[Required action]
Within the records that follow, restate exactly the lines from the line with "Pregnant woman holding baby bump" down to the line with "A researcher holding", including both. Omit the pictures.

[Data for processing]
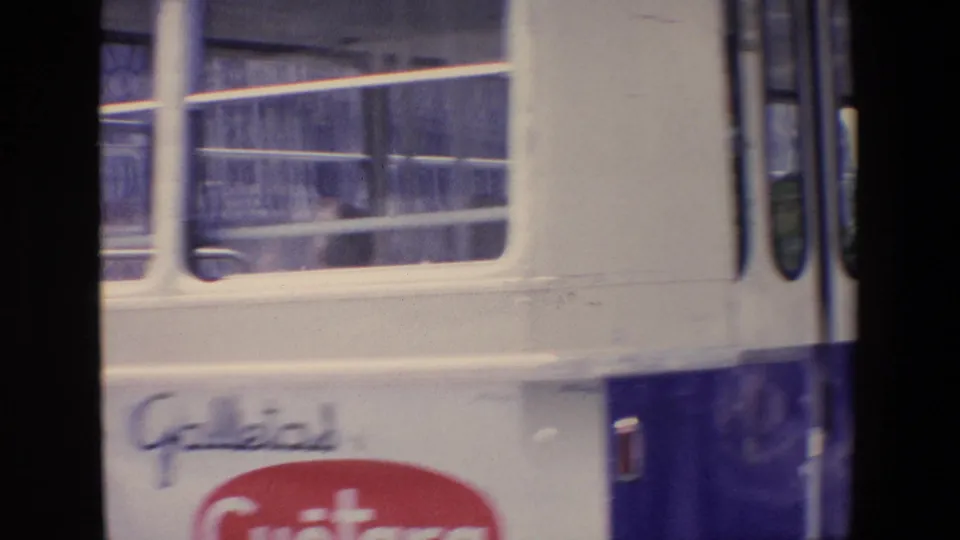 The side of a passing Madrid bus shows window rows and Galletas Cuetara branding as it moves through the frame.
--
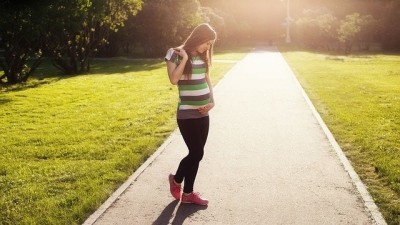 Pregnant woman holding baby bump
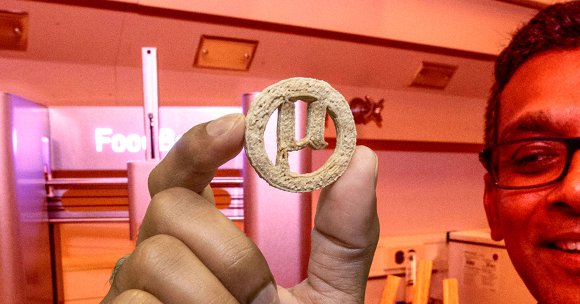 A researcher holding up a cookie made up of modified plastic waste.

[Your response]
 Pregnant woman holding baby bump
 A researcher holding up a cookie made up of modified plastic waste.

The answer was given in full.